'In 2019, BJP will sweep Northeast'
In an exclusive interview with Millennium Post, Himanta Biswa Sarma, convener of North-East Democratic Alliance, discusses the growth of BJP in Northeast
Himanta Biswa Sarma, the convener of North-East Democratic Alliance, who also holds several important portfolios in the Assam Cabinet, is credited for the Bharatiya Janata Party's (BJP) unprecedented rise in Northeast India. In an exclusive interview with Millennium Post, Sarma speaks about his journey from Congress to BJP and his expectations from the decisive leadership of Prime Minister Narendra Modi, who could bring monumental change in the next ten years with his focus on development. He foresees several more victorious mandates in the impending 2019 Lok Sabha elections for BJP, which could also witness a complete sweep of the lotus party across the Northeast.
In the last few years, the country has witnessed a massive saffron uprising in the Northeast. What role did your participation play in this growth of BJP?
I believe, the saffron brigade began surging from the day Prime Minister Narendra Modi was announced as the Prime Ministerial candidate for BJP. In 2014, for the first time in Assam, BJP was able to secure seven Lok Sabha seats. This aside, the party was also able to secure one seat from Arunachal Pradesh. In Nagaland, too, one of our pre-election allies won one seat and, collectively, we secured a total of nine seats.
Besides, the first major victory in the Assam Assembly elections also motivated a certain kind of political re-alignment in this entire region. Many former Congress leaders began joining BJP, and the party also began collaborating with the various regional stakeholders. Further, for the very first time, several developmental projects were undertaken in this region –especially in road and rail connectivity. For the first time, Tripura was connected to Delhi through the Rajdhani Express. Thereafter, Arunachal Pradesh was connected to mainland India through the railways. This is just the beginning as several more developmental initiatives are being strictly undertaken.
I think, by accumulating all these—political re-alignments, joining hands with regional political parties, along with PM Modi's charisma and undertaking a massive number of developmental projects – together they have resulted in the fact that today BJP or its partners are ruling in seven out of the eight Northeastern states.
What factor do you believe played the most significant role in the political realignment in the Northeast?
In the Northeast, there are two kinds of political theories: people who believe in regionalism and, then, there are the people who believe in nationalism. There were many who believed in nationalism and did not have faith in Congress – they had no alternative, but to opt for BJP.
You were in Congress for 23 long years and now you are a prominent face in BJP. How was your journey and how difficult was it for you to adjust to the new pattern of leadership?
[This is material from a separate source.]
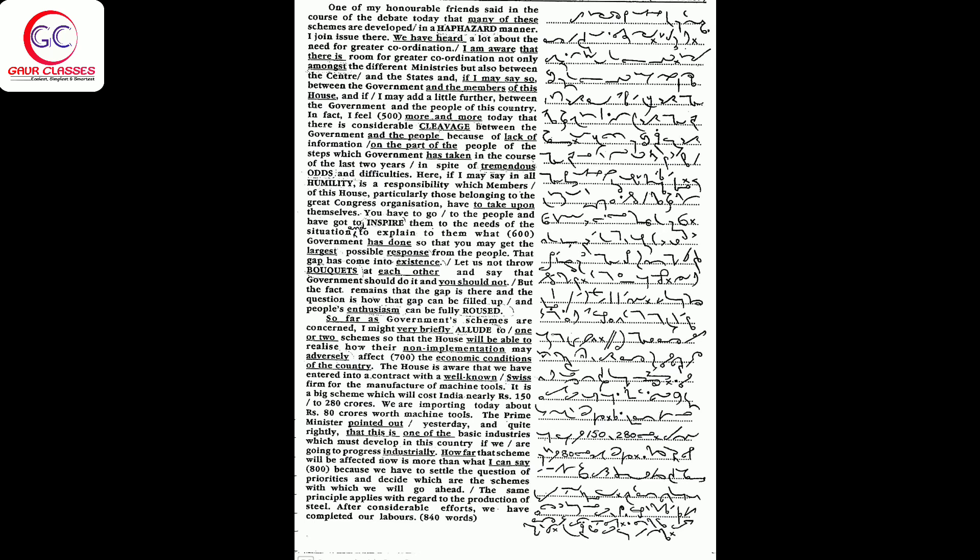done so that you may get the largest possible response from the people. That gap has come into existence. Let us not throw brickbats at each other and say that government should do it and you should not, but the fact remains that the gap is there. The question is how that gap can be filled up.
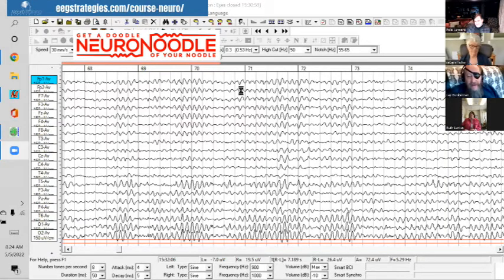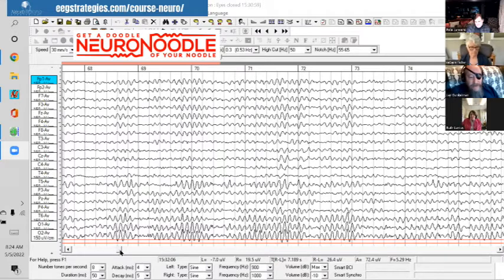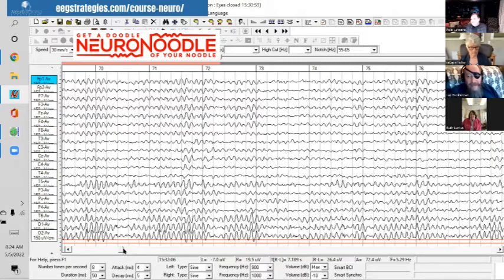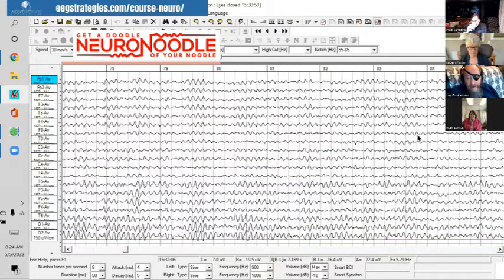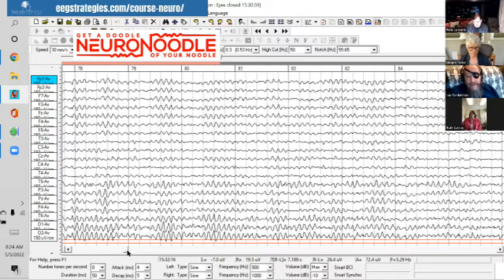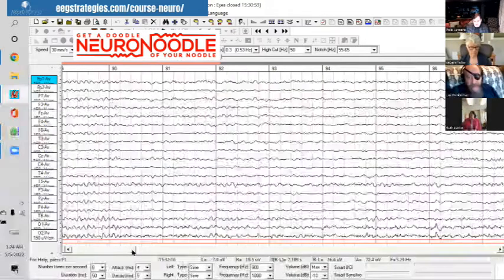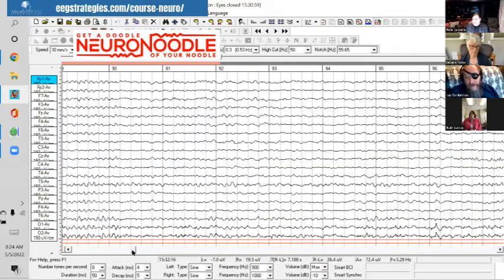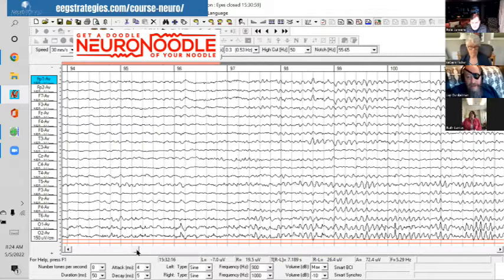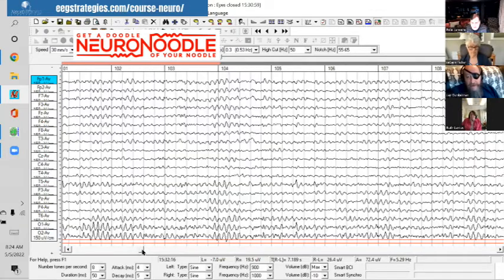This is an eyes-closed EEG full of alpha, and there's an excess of coherence in the alpha up front. You can see the alpha all lines up in phase. There's phase shift at the back of the head where there's some function, but the affective regulation and attentional regulation up front is just idled out. You can have this pattern with lots of different presentations, just with simple depression.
BJP is a party of middle-class people. In this party, nobody asks for your family background and there is no place to seek for your loyalty to a family or dynasty. Thus, I think, for any free-thinking person and, for that matter, for any person who has self-esteem, there would be no difficulty in adjusting to BJP. Moreover, those who have joined BJP from Congress are mostly 'first generation' politicians. They do not have any foundational political family background. They do not adhere to the politics of a 'family dynasty'. There is no personal interest here, and, they are all guided by ideology. But, those who will join Congress from BJP will definitely have an adjustment problem. Because, suddenly from being 'loyal to the nation', one has to become 'loyal to the family.' The reason why I joined BJP is really a long story with a long history but it is sufficient to say that you can compromise upon your self-esteem for a short period of time, but not in the long run.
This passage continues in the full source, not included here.